Whilst the patient goes to sit back down on the concrete, the businessman follows me round to the cab.
‘Sorry if I’ve been a bit – emotional,’ he says, then gives a big, deflationary sigh. He pats himself down for a cigarette, eventually alighting on his breast pocket. ‘This thing with my sister. My twin, you know.’ He hauls out the crumpled cigarette and holds it up in front of him. We both stare at it, and his eyes seem to fill, as if he’s focusing on the remains of something vital he’d momentarily overlooked.

9 comments:

Anonymous said...

You may not blog every day, Spence, but how I look forward to your posts. Keep up the good work (here and at work!). You are a joy to read.

Spence Kennedy said...

Thanks v much, Schooner - and thanks for stopping by regularly. I really appreciate it.
S.

uphilldowndale said...

Sad in so many ways.

Spence Kennedy said...

This one certainly took me by surprise. The businessman behaved so strangely, intensely - and he was just a bystander!

Sometimes I think we should be sponsored - or at least receive large donations - from the drinks companies. Alcohol is a common theme to a lot of these cases!

Hope yr well
Spence :)

loveinvienna said...

Poor man (on both accounts), but of the two of them, I feel sorrier for the businessman.
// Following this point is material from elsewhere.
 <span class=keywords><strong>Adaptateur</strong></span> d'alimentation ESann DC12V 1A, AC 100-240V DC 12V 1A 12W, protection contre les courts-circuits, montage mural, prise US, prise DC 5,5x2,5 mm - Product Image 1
Perhaps his strange intensity was born of a desperate need to 'redeem' himself for the death of his sister.
Wonderful writing as usual Spence!
Liv xxx

cogidubnus said...

Reading your words I could just picture the scene perfectly...and smell the booze!

Spence Kennedy said...

Hi Liv!
They were both sorry cases! (Note to self: must write another funny one soon). I still don't know what to think about the businessman. His whole demeanour was so feverishly alcoholic. Maybe his whole behaviour was more some kind of DT-style hallucination.

Hi Coggie! How are things?
I raise my glass to you.
:) Spence

uphilldowndale said...

I'd chance a guess that much of what you saw in the businessman was grief, maybe he feels guilt that he didn't couldn't do more for his sister,but that he'll make sure this guy is OK, or maybe it was something as simple as the guy on the floor, drank the same brand of lager as his sister, that sent him in to such a state:grief is a tricky path for anyone, it can be compounded when the loved one has died by suicide or a sudden traumatic death and the symptoms of grief can be very 'physical'
http://www.dh.gov.uk/en/Publicationsandstatistics/Publications/PublicationsPolicyAndGuidance/DH_4139006
Sorry,long link, I must learn how to do links in comments :(

loveinvienna said...

I enjoy all of your posts Spence, funny and sad alike! :) Just keep 'em coming! :)

Again, poor man... when I think of this, I think of him and his crumpled cigarette and feel quite sad even if he was a raging alcoholic. But an honest portrayal of life is somewhat lacking in this shiny, polished, PC-crazy world we live in, so don't you dare stop posting the sadder ones!